Engineering Angles: Pushing collaboration boundaries

Oct. 28, 2022
Twenty years later, integrated approaches are still key to streamlining capital project delivery
In the Fall 2002 issue of this publication, I wrote an article titled, “Collaborative approaches streamline capital project delivery.” Somewhat surprisingly, what I wrote at the time still applies; today one observes the same forces impacting pharma capital projects, with even greater pressure and speed.

The engineering and construction industry regularly recognizes and laments the lack of productivity improvements, so one might conclude that there’s little reason for optimism. But capital project professionals, being creative creatures, continue to identify new models to improve project delivery, with the goal of optimizing capital expenditures. One model pushing the boundaries of collaboration as envisioned in 2002 is Lean Integrated Project Delivery (LIPD).

Lean IPD makes inroads

The principles of LIPD provide a framework for radically integrating the activities of all project participants: the owner, designer and construction partners. This model has been used for several years with ‘facilities’ projects in health care, commercial and hospitality industries, but is now making inroads in manufacturing industries, including pharma.

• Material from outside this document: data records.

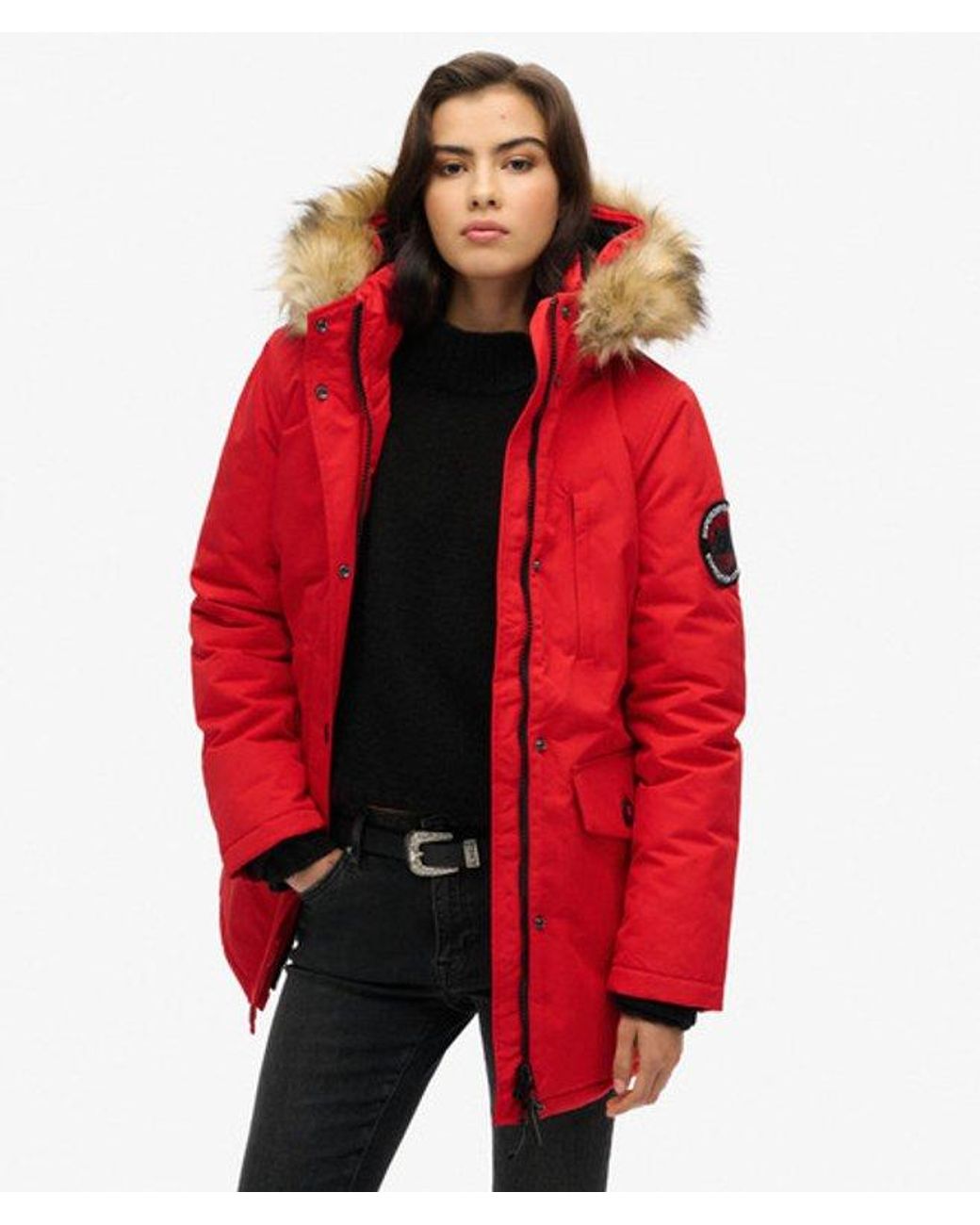 Superdry Red & Co Everest Hooded Faux Fur Parka Coat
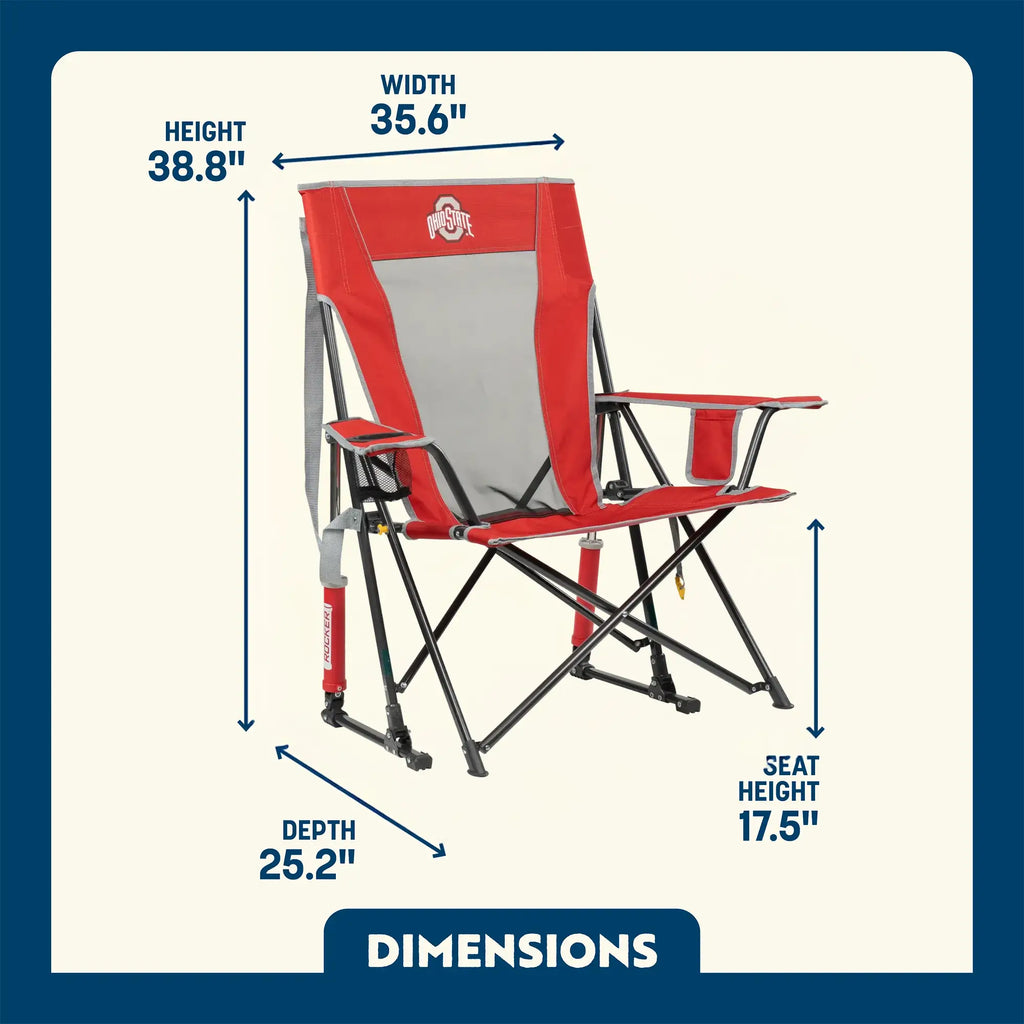 Smooth Motion College Comfort Pro Rocker - Ohio State Buckeyes - Choice 676 - Patented Spring-Action Rocking Chair for Camping Detail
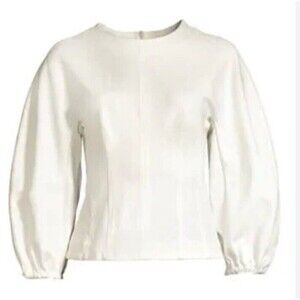 Designer Tibi Balloon Sleeve Corset Top Ivory Sz 2 Gorgeous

In its purest form, this model involves all primary parties signing a single multi-party contract with a common profit pool which is incentivized to focus the entire team on achieving critical project success factors. As all parties are signing a common contract, it generally takes each participant time to become

willing to enter into an agreement which involves some (but limited) risk without modifying terms and conditions. It’s possible to achieve many of the benefits of LIPD without going all the way to the multi-party contract (aka ‘Lean Lite’), but there are costs or unrealized benefits associated with those options. Ultimately, it’s the integration of the people, systems and contract that harnesses the talents and insights of all participants to optimize project results, increase value and maximize efficiency through all phases.

Go-slow-to-go-fast

The early phases of LIPD projects move slowly as each partner is progressively selected by those previously chosen and the team works together to simultaneously build itself, fully scope and estimate the project, and create a culture focused on collective success. To the uninitiated, this can appear frustratingly slow and overly focused on the ‘soft stuff.’ But this is genuinely a go-slow-to-go-fast exercise and once the scope, budget and success criteria are established, the project is able to move with incredible speed.

Because the team built itself, all parties have equal knowledge of each other’s scopes and budgets, team members, design and delivery tools, and collectively-identified risks and opportunities. There’s nothing to gain at the expense of another teammate so trust issues are largely addressed.

Once the scope and budget are fixed and multi-party contract signed, the project is viewed as a design-to-cost exercise. All parties worked together to fully develop the scope, everyone is using the same BIM model, and there are incentives to reduce project cost, so the tendency for scope creep is greatly reduced. Target value delivery — one of the essential practices in LIPD — generates a creative tension which drives innovation and reduces costs.

Because this is a design-build team without subcontracting (at least at the principal level) the owner has a team with all the requisite skills without the cost of compounded fees. Additionally, because all parties worked together to develop the budget, there is reduced potential for redundant staffing, and project general conditions (facilities and equipment) are shared. As the project progresses, scope can be shifted from one party to another with greatly reduced change management friction. In the current hyper-resource con- strained environment, this feature has been incredibly valuable to projects which otherwise would have ground to a halt due to one partner’s inability to adequately staff the project.

While early project phase costs are not insignificant and the model is not appropriate for all project types, the LIPD model enables designers and constructors to break through many of the old constraints to capital proj- ect optimization. For owners, LIPD is a ‘contact sport’ that requires a greater level of senior staff engagement early in the project, but on the whole, fewer resources over the life of the project as the team becomes largely self-policing after the poly-party contract is signed. While there are no shortcuts, with practice, LIPD leads to better and more predictable outcomes.